Pediatric Pulmonology Fellowship Program at the Washington University School of Medicine

Introduction

Our Accreditation Council for Graduate Medical Education (ACGME)-approved pediatric pulmonology fellowship-training program attracts promising pediatric candidates for subspecialty training and develops the next generation of academic pulmonologists.

In the Pediatric Pulmonology Fellowship Training Program, clinical training is emphasized during the first year of the fellowship, with research training intermingled so that the scholarly approach is incorporated into the fellow’s education early in the process. Clinical training accounts for twelve months of the fellowship, with six to eight months of service or elective time the first year of training, and the remaining four-to-six months total during the final two years.
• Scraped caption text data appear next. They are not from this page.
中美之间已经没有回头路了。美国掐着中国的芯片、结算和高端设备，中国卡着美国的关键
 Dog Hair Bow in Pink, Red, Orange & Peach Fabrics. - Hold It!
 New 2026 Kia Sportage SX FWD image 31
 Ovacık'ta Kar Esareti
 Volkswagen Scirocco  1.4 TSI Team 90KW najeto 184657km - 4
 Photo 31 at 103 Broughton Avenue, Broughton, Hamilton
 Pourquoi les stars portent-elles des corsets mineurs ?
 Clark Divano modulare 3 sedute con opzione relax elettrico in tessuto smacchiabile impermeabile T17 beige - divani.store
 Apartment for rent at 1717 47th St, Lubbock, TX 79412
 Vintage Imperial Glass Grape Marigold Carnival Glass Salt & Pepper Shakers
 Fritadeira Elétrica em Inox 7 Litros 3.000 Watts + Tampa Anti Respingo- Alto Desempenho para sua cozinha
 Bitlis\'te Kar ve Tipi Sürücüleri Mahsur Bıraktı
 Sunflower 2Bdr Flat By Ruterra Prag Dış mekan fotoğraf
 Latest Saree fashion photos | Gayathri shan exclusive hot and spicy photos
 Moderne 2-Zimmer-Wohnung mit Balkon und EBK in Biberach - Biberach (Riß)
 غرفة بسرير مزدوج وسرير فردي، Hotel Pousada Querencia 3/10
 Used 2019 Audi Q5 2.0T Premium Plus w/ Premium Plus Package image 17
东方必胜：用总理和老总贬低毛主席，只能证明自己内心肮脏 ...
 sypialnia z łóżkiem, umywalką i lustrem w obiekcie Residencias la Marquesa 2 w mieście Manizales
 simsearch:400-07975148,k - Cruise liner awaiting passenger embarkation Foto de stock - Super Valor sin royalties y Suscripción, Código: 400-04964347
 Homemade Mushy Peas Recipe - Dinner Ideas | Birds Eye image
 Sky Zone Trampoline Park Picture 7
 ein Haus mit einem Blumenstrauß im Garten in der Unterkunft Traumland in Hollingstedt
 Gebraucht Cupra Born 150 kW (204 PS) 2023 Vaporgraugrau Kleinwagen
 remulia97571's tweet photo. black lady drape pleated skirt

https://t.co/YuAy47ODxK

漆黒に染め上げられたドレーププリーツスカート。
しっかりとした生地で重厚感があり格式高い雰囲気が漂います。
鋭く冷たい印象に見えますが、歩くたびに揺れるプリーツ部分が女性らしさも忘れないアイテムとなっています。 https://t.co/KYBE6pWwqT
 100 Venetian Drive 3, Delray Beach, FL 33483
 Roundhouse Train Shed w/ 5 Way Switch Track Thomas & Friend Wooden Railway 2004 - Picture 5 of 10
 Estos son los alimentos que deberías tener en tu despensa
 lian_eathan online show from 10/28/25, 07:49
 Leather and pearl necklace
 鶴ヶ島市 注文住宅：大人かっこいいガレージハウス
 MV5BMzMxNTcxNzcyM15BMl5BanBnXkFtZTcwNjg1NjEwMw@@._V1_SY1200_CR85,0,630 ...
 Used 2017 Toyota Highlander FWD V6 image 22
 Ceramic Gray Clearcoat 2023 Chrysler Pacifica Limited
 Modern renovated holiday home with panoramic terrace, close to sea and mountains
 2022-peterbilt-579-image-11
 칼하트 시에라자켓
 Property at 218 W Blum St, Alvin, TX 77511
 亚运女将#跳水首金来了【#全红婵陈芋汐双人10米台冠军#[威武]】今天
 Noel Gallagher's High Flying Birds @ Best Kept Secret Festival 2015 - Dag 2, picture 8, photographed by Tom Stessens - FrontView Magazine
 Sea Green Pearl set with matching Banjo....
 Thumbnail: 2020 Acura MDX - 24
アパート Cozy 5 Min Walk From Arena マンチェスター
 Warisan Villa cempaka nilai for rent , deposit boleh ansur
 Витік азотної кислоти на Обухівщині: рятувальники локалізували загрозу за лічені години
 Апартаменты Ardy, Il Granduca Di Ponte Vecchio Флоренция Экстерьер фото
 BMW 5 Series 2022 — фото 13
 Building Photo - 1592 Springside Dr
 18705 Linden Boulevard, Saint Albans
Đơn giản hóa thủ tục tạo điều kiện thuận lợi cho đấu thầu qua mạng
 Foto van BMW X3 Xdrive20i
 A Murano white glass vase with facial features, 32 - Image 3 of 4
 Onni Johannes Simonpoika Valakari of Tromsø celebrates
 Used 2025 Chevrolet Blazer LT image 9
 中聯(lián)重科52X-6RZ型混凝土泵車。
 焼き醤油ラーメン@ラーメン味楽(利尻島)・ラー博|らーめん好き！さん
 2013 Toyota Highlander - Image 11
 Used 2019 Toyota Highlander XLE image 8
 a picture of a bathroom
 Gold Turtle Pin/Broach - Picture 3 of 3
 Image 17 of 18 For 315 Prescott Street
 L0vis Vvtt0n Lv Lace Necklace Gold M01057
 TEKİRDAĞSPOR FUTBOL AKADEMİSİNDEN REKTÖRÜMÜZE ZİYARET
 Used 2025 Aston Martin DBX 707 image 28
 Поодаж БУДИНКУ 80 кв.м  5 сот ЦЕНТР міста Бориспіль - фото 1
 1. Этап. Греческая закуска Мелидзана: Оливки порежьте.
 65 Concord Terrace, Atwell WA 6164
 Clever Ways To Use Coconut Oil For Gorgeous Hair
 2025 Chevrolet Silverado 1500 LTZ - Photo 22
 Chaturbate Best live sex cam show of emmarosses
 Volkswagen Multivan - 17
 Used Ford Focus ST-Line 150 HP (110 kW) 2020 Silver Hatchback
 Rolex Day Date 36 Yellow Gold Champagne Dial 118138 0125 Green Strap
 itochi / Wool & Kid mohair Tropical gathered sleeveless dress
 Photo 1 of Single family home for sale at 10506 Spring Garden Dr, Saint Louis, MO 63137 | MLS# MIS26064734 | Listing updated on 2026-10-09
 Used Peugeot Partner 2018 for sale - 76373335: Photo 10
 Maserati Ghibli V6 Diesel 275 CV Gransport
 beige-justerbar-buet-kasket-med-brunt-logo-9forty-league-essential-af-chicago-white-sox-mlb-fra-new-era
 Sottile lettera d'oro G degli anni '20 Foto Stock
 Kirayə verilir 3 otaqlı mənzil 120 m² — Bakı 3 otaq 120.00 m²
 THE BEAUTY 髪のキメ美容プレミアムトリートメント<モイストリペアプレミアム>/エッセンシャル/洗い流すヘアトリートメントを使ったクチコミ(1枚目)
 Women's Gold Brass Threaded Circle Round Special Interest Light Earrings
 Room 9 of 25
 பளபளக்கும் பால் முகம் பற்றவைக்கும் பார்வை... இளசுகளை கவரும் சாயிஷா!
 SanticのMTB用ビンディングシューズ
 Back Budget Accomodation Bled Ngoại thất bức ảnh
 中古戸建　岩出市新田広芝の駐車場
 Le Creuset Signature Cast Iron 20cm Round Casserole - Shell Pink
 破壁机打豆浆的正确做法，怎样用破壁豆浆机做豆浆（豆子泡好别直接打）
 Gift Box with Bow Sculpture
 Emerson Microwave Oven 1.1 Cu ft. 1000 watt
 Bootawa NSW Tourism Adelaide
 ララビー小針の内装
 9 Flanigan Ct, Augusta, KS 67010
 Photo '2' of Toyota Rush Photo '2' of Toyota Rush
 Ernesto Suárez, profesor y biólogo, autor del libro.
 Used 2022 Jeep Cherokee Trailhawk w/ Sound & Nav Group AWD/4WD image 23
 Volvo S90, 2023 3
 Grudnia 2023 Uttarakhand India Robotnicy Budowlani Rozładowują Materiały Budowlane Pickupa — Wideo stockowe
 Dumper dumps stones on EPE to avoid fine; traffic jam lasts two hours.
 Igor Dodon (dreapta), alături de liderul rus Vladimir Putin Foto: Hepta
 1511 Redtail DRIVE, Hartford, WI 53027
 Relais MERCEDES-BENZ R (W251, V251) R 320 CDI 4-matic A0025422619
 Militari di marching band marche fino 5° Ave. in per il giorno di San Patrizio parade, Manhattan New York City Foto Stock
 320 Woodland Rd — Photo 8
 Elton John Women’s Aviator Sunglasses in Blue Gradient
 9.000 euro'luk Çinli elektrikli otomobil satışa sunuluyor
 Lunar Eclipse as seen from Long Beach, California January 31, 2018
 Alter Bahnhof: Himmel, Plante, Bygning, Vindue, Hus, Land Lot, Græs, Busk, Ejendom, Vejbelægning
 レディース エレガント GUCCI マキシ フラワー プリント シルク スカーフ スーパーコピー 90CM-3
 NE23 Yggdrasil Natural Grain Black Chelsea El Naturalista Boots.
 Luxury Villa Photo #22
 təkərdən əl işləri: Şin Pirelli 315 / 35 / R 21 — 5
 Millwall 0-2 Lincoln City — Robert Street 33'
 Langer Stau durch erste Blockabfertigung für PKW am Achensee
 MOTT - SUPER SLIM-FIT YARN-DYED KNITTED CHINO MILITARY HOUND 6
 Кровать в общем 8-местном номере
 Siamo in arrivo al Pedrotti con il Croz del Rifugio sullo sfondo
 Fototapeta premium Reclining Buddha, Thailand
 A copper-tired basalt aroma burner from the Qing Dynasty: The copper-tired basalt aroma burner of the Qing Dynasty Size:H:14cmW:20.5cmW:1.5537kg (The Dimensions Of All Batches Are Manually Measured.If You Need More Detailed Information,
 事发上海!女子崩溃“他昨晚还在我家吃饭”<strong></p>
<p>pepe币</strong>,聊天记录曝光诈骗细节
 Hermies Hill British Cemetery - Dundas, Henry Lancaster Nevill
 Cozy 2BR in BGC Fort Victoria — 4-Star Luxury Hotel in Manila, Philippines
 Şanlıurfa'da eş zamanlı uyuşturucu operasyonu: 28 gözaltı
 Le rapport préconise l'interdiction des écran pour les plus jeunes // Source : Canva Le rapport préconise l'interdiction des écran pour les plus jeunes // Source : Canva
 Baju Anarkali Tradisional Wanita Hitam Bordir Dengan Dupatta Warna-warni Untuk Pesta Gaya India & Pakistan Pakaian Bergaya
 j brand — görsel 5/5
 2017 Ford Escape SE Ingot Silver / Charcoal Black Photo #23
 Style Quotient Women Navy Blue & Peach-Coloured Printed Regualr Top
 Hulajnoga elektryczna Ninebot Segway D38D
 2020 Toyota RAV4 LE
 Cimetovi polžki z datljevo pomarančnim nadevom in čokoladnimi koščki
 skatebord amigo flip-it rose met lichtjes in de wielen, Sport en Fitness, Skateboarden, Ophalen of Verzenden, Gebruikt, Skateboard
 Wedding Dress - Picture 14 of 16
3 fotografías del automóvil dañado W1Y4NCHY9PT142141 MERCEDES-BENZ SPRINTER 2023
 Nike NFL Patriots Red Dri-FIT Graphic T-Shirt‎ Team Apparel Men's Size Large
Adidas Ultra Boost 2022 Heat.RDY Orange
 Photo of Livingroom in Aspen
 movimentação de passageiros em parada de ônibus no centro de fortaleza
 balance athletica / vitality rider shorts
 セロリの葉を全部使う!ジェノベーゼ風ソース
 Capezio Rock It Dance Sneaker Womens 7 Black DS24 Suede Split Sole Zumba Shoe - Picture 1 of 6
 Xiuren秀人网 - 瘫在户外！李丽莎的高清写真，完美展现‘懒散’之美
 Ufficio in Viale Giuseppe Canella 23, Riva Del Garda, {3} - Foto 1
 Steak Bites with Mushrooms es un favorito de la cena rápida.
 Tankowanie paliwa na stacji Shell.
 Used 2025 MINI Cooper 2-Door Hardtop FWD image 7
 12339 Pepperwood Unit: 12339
The pediatric pulmonary fellow has non-service rotations that are required parts of their clinical training, including Pediatric Pulmonary Function Laboratory and Pediatric Sleep Laboratory, during the first year.

Our fellows care for children with wide-ranging lung diseases and breathing disorders, such as asthma, sleep-disordered breathing, apnea, central hypoventilation, cystic fibrosis, ciliopathies, bronchiectasis, interstitial lung diseases, bronchopulmonary dysplasia, bronchiolitis, pneumonia, chronic respiratory insufficiency, thoracic tumors, and congenital lung anomalies during their clinical rotations. Because Washington University has an active pediatric lung transplantation service, fellows are exposed to the pre-operative evaluation and post-operative care of these patients. Fellows have regular, half-day outpatient clinics that are held in the Pediatric Pulmonary Center at St Louis Children’s Hospital, supervised by divisional faculty. Fellows also acquire the procedural skills and techniques needed for a pulmonary subspecialist, including flexible fiberoptic bronchoscopy, bronchoalveolar lavage, and transbronchial biopsies. They receive extensive training in the interpretation of pulmonary function studies, allergy tests, and overnight polysomnograms.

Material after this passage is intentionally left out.